Before reading this book I had encountered Siegel’s The New Republic columns online only a few times, when linked to by others, sent to me in emails, or whilst reading a blog. Nothing much stood out about them as being far above other online commentators, known or not. This is not because his comments were not well-written, simply the things others thought cogent rarely interested me enough to read. Thus I missed what, to Siegel detractors, was his Scarlet Letter episode: apparently, in 2006, he lost that magazine post when he was found to be sockpuppeting his own online blog in defense of himself, under the pseudonym sprezzatura; an activity that many bloggers and their readers do, and is easily seen through, but when done by someone actually getting paid to write for a living, one supposes, is seen as somehow verboten, regardless of the nonsense the online trolls may have accused him of. I only mention this episode because it seems to be what most online reviews of the book, especially the negative, devolve down to; that and the idea that, like me, he actually takes his role as a critic seriously. Therefore, the fact that he kicked ass under another guise is ‘shocking,’ and he is nothing but a ‘disgrace’ whose opinion about things online is hopelessly biased. Boo! Hiss!
However, Against The Machine amply demonstrates why such hard critical tactics are often needed, as it exposes the Internet as what most intelligent people know it as, ‘a vast wasteland,’ far more corrosive in our time than television ever has been, even back in 1961 when former FCC chairman Newt Minnow famously derided tv with the above mentioned label.
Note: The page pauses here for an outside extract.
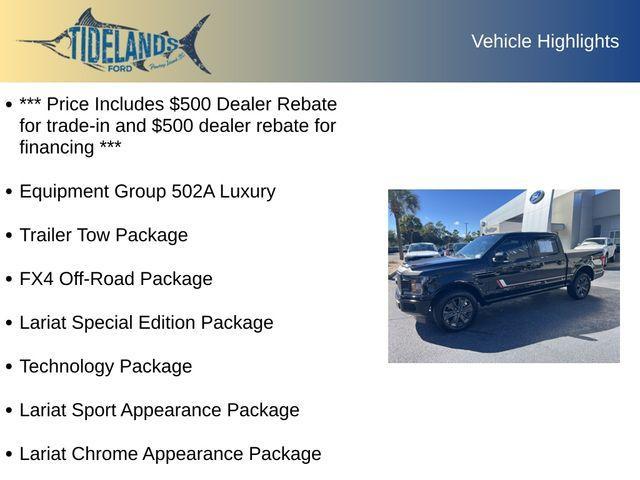 used 2018 Ford F-150 car, priced at $29,995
From wealth scams to penis enlargement ads to Myspace and Facebook, to porno websites, mindless blogs that are ill wrought and intellectually nihil to laughable bastions of learning such as Wikipedia, the Internet has taken the Lowest Common Denominator to a new nadir.
And while most critics lambaste Siegel for ‘droning on’ and being some sort of Luddite, the book and critic are nothing like that, and Siegel’s book suffers from, if anything, almost shortshrifting its voluminous subject matter with far too few examples, even though he gives a few dozen. The utter stolidity and hostility online, as example, is far beyond what some reader from Mars might take it for if just depending on Siegel’s examples and assessment. Yes, in many ways- mostly superficial, the book might seem to be something a pretentious blowhard like Harold Bloom or senescent intellectual like Jacques Barzun might pen, except for two things. Siegel is a) almost always correct in his assessments, and b) pithy and cogent in his attacks, rather than pontificating endlessly. Bloom and Barzun could learn something from the relative diminutive length of Siegel’s book, and its arguments. The book is therefore more like a duck shoot, conducted by an excellent shot, rather than a systematic slash and burn example of total warfare.
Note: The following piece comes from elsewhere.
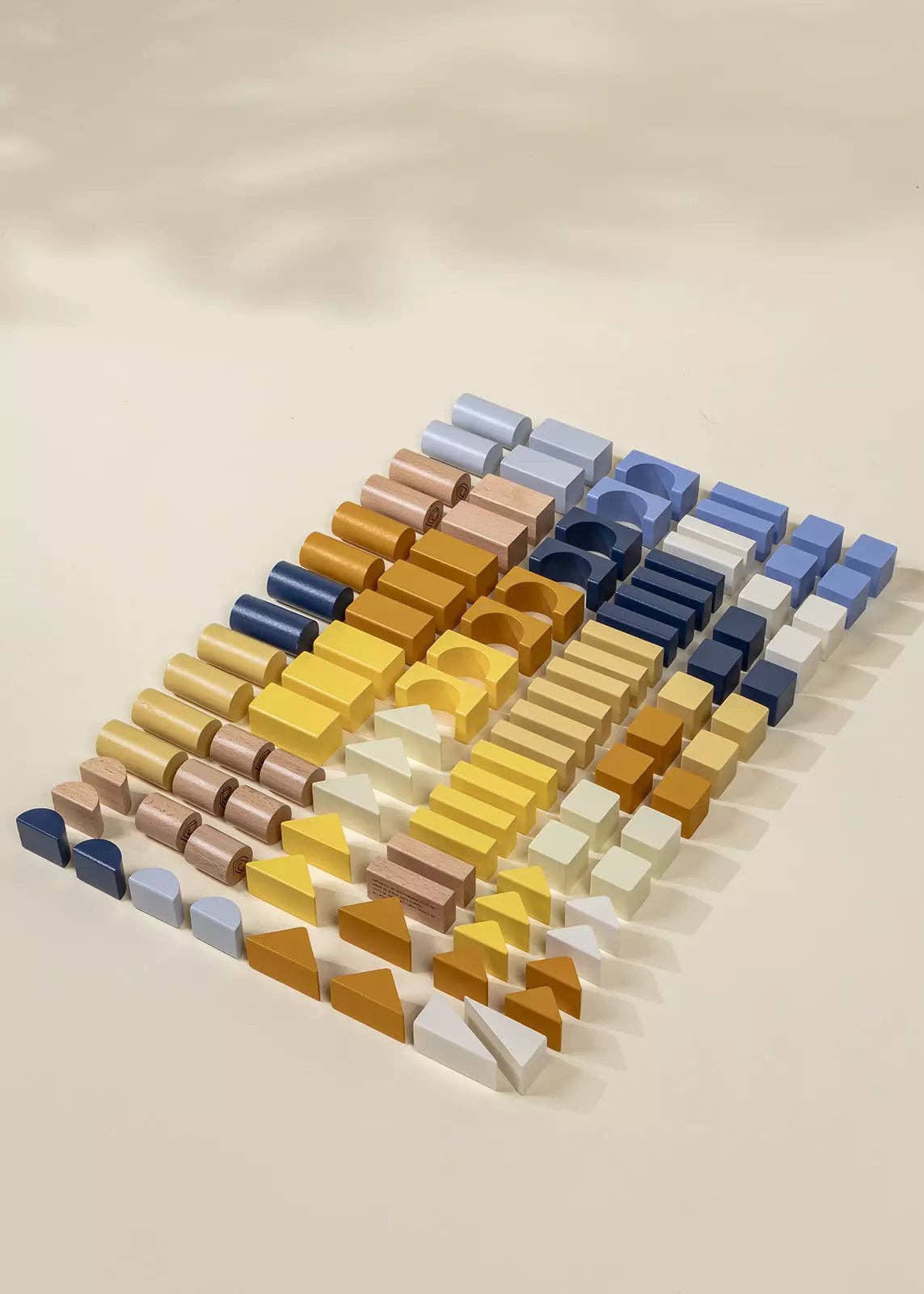 Wooden Construction Blocks Set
Siegel attacks the corporate mindset and the conglomeration of ideas, the stratification of corporate elitists even as the blogosphere claims to have opened up the world to new voices- the overwhelming majority of whom demonstrate there was a good reason the old media rightfully wanted nothing to do with them. Yet, even if someone succeeds as an online talking head, they jump at an opportunity to join the old guard media’s talking head brigade. Siegel demonstrates, in numerous ways, that the very constraints the old media plays by is actually far more daring and exciting than the salacious world the anonymous blogger or poster lives by; after all, just how daring is gossip? He also shows how the Internet enforces conformity rather than opening up creativity, because, as he puts it, one ‘must sound more like everyone else than anyone else is able to sound like everyone else.’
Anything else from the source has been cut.